Poet Tiana Clark to speak Jan. 20
Event: King Celebration and S.A. Yoder Lecture: Tiana Clark
Time & Date: Sunday, Jan. 20, 7-9 p.m.
Location: Sauder Concert Hall, Music Center
Cost: Free and open to the public
Award-winning poet Tiana Clark will read and speak about her poetry in Goshen College Music Center’s Sauder Concert Hall on Sunday, Jan. 20 at 7 p.m., as the featured artist for the college’s annual King Celebration, in collaboration with the S.A. Yoder Lecture Series. A reception will follow. This event is free and open to the public.
Clark will be joined by students who will perform poetry, prose and music during the coffeehouse performance.
Clark was raised in Nashville, Tennessee and southern California. She studied Africana and Women’s studies at Tennessee State University and earned her MFA from Vanderbilt University. She is the author of the chapbook “Equilibrium” (Bull City Press, 2016), which was chosen by Afaa Michael Weaver for the Frost Place Chapbook Competition, and the full-length poetry collection “I Can’t Talk About the Tree Without the Blood” (University of Pittsburgh Press, 2018), which won the Agnes Lynch Starrett Prize. Her poetry and prose have appeared widely in magazines and journals such as the New Yorker, Poetry Magazine, Kenyon Review, New England Review and Best New Poets 2015.

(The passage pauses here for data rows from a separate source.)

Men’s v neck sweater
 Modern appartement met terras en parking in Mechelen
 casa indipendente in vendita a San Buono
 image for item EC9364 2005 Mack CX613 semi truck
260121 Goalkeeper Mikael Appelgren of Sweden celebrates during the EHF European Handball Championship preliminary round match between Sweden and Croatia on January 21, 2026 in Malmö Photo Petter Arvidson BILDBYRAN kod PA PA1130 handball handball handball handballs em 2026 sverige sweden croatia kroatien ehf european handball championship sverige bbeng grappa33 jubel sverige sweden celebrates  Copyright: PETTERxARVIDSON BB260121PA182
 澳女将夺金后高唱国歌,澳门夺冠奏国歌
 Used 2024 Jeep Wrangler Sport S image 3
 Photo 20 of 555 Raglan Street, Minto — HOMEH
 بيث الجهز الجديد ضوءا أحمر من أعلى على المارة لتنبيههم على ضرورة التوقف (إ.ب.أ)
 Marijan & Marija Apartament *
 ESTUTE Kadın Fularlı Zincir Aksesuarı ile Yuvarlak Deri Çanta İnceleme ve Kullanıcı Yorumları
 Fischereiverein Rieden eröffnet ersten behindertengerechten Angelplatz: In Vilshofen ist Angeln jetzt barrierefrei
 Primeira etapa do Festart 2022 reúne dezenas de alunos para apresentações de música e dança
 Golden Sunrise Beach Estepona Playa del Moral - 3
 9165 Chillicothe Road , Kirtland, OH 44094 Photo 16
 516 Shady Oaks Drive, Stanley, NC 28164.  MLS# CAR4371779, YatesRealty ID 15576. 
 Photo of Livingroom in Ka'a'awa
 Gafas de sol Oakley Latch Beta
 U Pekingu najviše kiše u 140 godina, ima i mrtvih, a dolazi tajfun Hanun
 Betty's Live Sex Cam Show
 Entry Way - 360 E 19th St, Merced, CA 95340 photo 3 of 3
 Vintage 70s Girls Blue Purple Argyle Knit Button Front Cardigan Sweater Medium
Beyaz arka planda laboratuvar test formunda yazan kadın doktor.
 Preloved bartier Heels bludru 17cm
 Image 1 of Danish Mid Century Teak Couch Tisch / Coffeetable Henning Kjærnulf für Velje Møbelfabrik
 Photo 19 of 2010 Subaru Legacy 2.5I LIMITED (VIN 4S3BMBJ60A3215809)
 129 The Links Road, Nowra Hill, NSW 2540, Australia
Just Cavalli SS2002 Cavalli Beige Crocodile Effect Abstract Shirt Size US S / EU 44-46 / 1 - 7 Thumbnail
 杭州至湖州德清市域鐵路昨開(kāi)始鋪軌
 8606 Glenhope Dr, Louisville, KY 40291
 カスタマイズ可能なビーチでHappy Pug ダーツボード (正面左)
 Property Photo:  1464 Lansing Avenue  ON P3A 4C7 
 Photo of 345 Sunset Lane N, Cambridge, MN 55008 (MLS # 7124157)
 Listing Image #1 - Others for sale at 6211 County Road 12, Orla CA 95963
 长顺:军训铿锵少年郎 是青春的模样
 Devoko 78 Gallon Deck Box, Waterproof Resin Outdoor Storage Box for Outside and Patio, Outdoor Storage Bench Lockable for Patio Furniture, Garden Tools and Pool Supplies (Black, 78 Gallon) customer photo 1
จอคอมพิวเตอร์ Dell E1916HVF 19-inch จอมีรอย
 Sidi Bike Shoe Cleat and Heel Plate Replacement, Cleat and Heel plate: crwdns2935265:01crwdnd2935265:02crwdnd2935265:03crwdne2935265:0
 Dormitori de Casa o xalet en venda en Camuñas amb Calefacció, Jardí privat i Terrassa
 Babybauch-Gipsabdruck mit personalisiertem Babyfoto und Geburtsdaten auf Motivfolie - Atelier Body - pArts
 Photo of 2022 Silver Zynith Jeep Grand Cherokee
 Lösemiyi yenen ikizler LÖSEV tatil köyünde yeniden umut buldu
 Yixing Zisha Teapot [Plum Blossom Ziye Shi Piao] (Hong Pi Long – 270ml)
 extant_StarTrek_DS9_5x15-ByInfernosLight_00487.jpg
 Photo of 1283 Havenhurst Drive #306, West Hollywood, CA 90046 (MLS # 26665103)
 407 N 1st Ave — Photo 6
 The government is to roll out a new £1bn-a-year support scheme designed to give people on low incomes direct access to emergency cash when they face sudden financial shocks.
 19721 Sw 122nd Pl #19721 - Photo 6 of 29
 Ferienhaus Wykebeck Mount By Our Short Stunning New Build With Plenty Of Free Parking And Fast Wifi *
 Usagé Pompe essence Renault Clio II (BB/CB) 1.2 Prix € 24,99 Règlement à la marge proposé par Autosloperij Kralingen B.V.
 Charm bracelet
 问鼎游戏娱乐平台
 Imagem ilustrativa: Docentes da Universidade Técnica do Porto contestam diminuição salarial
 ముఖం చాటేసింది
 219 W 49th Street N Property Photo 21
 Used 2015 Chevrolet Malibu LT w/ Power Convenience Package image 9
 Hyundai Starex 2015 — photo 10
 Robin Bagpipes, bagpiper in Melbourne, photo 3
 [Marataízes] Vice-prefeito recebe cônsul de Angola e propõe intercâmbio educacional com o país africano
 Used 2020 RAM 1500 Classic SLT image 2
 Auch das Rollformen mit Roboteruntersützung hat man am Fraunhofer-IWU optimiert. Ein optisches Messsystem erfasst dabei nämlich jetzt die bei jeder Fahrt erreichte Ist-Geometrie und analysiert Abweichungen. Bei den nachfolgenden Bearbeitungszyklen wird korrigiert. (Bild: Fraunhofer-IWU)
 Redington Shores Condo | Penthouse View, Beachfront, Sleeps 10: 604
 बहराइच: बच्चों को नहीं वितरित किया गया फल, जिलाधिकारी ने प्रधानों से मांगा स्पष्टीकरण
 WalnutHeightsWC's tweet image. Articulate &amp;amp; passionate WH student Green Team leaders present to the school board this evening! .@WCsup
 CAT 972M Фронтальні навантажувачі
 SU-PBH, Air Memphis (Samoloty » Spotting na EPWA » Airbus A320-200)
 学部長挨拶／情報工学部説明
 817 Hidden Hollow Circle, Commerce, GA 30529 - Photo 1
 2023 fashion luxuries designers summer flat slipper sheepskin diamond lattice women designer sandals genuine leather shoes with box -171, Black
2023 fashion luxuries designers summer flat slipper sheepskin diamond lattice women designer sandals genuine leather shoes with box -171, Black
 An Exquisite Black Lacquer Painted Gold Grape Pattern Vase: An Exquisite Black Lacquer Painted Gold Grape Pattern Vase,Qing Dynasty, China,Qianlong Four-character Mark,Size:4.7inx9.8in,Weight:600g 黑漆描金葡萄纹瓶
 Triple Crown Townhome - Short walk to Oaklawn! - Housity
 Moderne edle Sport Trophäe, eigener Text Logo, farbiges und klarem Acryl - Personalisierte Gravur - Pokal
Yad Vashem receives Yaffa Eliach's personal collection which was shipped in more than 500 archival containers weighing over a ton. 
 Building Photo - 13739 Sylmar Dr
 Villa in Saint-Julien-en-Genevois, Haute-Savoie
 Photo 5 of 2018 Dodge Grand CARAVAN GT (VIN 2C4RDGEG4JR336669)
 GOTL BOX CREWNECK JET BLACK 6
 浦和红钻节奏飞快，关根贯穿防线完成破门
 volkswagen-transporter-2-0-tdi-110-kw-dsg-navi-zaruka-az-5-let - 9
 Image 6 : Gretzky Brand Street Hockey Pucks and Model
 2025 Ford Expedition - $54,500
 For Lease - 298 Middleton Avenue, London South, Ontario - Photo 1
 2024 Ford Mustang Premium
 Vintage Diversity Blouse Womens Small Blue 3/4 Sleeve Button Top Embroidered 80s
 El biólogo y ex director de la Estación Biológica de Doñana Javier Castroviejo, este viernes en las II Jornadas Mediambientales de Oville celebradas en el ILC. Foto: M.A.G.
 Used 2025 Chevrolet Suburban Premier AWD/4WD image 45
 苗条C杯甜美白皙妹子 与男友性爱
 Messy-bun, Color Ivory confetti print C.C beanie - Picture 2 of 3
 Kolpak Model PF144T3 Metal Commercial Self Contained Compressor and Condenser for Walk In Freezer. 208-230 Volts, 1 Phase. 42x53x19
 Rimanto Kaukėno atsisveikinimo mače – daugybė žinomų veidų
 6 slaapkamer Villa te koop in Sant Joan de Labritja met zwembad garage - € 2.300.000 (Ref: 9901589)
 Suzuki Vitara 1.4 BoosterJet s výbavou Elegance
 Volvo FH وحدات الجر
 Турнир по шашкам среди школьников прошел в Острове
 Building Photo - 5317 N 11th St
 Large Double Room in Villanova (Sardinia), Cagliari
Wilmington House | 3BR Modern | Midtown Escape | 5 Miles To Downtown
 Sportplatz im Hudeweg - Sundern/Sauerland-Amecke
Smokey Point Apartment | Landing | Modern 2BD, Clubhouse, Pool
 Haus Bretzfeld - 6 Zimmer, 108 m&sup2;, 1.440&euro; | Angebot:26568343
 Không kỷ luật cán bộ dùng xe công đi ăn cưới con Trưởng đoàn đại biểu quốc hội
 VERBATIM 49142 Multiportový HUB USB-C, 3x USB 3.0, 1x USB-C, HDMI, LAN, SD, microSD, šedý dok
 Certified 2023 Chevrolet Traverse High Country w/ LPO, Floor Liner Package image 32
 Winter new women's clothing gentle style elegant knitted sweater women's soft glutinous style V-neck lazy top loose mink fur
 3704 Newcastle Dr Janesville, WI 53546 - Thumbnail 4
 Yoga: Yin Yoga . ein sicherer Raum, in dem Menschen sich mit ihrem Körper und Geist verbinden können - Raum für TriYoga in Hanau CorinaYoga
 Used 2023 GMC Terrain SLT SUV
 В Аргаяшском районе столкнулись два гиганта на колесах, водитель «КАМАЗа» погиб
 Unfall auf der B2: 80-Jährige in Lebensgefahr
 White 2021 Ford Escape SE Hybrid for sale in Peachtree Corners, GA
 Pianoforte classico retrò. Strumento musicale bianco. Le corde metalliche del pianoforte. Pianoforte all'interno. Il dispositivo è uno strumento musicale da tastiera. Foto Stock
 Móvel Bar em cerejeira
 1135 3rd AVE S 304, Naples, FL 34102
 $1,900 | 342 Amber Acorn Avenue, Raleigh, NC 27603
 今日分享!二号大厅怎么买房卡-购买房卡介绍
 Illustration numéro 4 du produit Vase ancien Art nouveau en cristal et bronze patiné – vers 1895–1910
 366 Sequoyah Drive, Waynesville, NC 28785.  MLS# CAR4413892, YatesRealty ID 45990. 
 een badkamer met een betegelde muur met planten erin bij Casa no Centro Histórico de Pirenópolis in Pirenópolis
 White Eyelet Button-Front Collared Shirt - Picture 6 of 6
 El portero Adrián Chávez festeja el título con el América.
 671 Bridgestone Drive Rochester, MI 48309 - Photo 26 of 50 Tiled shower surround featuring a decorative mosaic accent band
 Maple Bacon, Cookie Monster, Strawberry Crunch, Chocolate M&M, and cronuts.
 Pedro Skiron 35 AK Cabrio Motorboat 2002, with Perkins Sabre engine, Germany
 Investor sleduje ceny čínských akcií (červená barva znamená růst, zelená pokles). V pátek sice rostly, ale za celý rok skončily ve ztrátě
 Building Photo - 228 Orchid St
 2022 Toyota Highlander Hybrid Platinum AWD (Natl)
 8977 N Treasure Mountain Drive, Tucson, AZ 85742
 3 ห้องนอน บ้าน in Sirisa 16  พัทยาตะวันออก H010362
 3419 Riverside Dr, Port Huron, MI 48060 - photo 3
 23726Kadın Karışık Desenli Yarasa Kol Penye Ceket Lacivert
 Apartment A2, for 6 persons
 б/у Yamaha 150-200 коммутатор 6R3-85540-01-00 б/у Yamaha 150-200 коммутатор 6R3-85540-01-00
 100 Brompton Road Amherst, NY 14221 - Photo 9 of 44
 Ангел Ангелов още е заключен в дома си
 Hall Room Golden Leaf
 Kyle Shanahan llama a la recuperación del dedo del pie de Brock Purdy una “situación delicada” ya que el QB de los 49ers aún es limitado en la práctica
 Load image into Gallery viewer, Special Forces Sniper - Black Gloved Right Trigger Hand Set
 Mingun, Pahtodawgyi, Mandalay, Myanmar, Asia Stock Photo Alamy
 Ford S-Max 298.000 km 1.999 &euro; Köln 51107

The 2017-2018 Jay C. and Ruth Halls Poetry Fellow at the Wisconsin Institute of Creative Writing, Clark’s other honors and awards include a Pushcart Prize, the Rattle Poetry Prize, and the Furious Flower’s Gwendolyn Brooks Centennial Poetry Prize. She has held scholarships and fellowships from the Bread Loaf Writers’ Conference, the Sewanee Writers’ Conference and the Kenyon Review Writers’ Workshop. She teaches creative writing at Southern Illinois University, Edwardsville.
The S.A. Yoder Lecture Series, begun in 1972, honors Dr. Samuel A. Yoder, a professor at Goshen College from 1930 to 1935 and again from 1946 until his death in 1970.